Many insects of the tropical rainforest depend on camouflage to protect themselves from predators.

Some are green or brown-colored, and so blend into their surroundings.

Some species, such as the stick insects, change color slowly to adjust to changes in the background.

The glasswing butterfly of South America has transparent wings through which the background is clearly visible.

Shadows provide predators with important visual clues. They give objects depth and outlines.

Several insects have developed ways of hiding their shadows.

Lateral structures in the form of plates, hairs or outgrowths help insects such as caterpillars merge into the substratum.

Many other species are flattened and crouch close to the surface they are mimicking.

To offset the shadows produced by the vertical shafts of light in the tropical rainforest, some caterpillars are countershaded-the undersurface is a lighter shade than the upper.

When viewed from the side, the caterpillars appear flat rather than round.

An insect's outline may also be blurred through disruptive coloration, when bright patches stand out from the rest of the body, which merges into the background.

The stripes in caterpillars and grasshoppers commonly have this effect, as well as breaking up an insect's bilateral symmetry.

Some insects masquerade as commonplace items in their surroundings. Several mimic living, dead or decayed leaves.

With their greatly flattened bodies and legs, leaf insects are able to imitate a cluster of slightly chewed leaves.

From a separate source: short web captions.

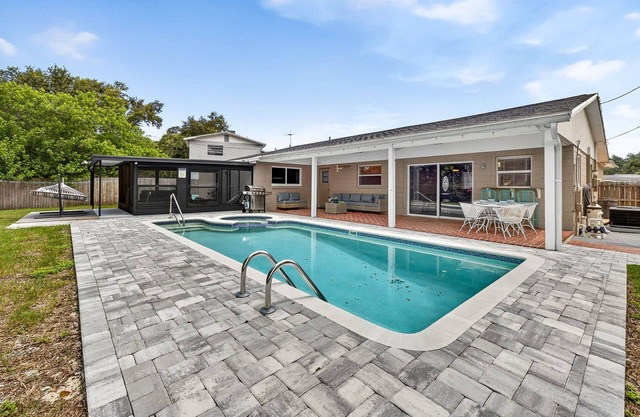 Stunning 3BR Pool Home in Largo
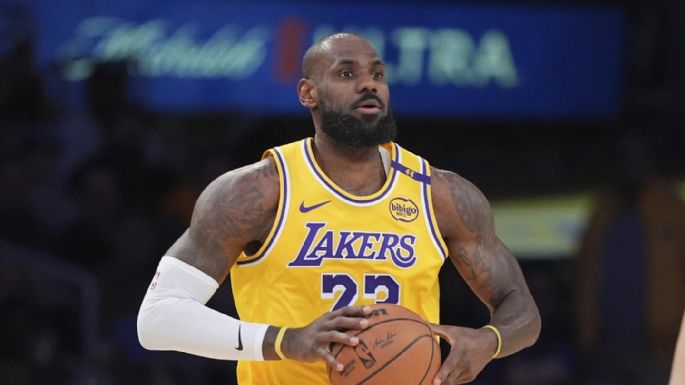 LeBron James jugará su temporada número 23 en la NBA y ganará 52.6 millones de dólares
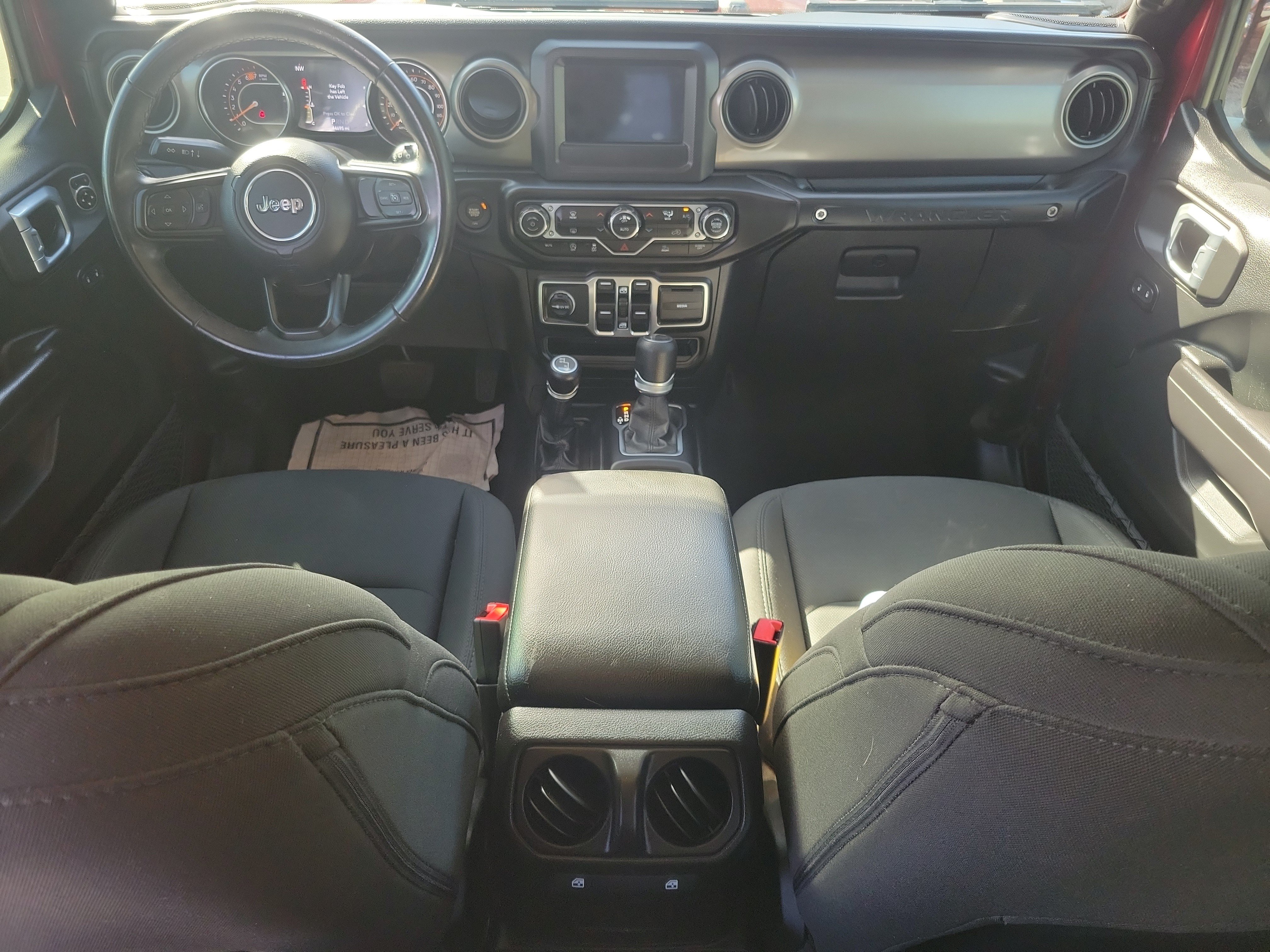 Used 2021 Jeep Wrangler Unlimited Sport AWD/4WD image 10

Leaf mimics are often further protected by realistic markings of disease patches or bird droppings.

Treehoppers, plant-sucking bugs of the Central and South American rainforests, have pronotums that may be enlarged to produce a thornlike appearance, or may be knobbed and black, resembling ants.

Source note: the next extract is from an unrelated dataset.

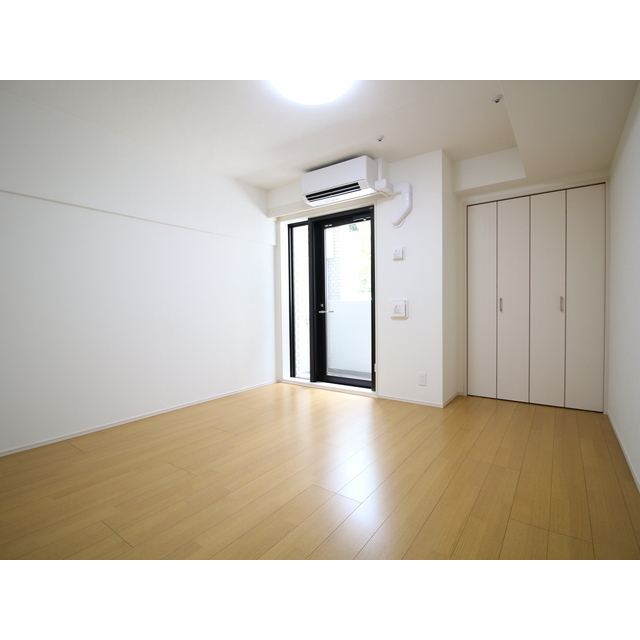 プレール・ドゥーク赤塚102号室 洋室約8.0帖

Other structures that are successfully mimicked are seeds by weevils and bird droppings by caterpillars.

The behavior of the mimics frequently accentuates the deception. Many remain immobile for long periods, or freeze when danger threatens.

Leaf and stick insects gently rock back and forth to simulate movement in a breeze.

Some butterflies fly hesitantly, like falling leaves.

Species that use camouflage often have a second line of defense to use when their disguises fail.

Some drop to the ground and feign death.

Others attempt to startle a predator.

When threatened, Choerododis rhombicollis, a leaf-mimicking mantis from Central America, will turn toward its aggressor, exposing the undersurface of its large, flat pronotal shield, appearing to increase in size.
As it lunges toward the predator, it rubs its forelegs on the pronotal shield, making a scraping sound.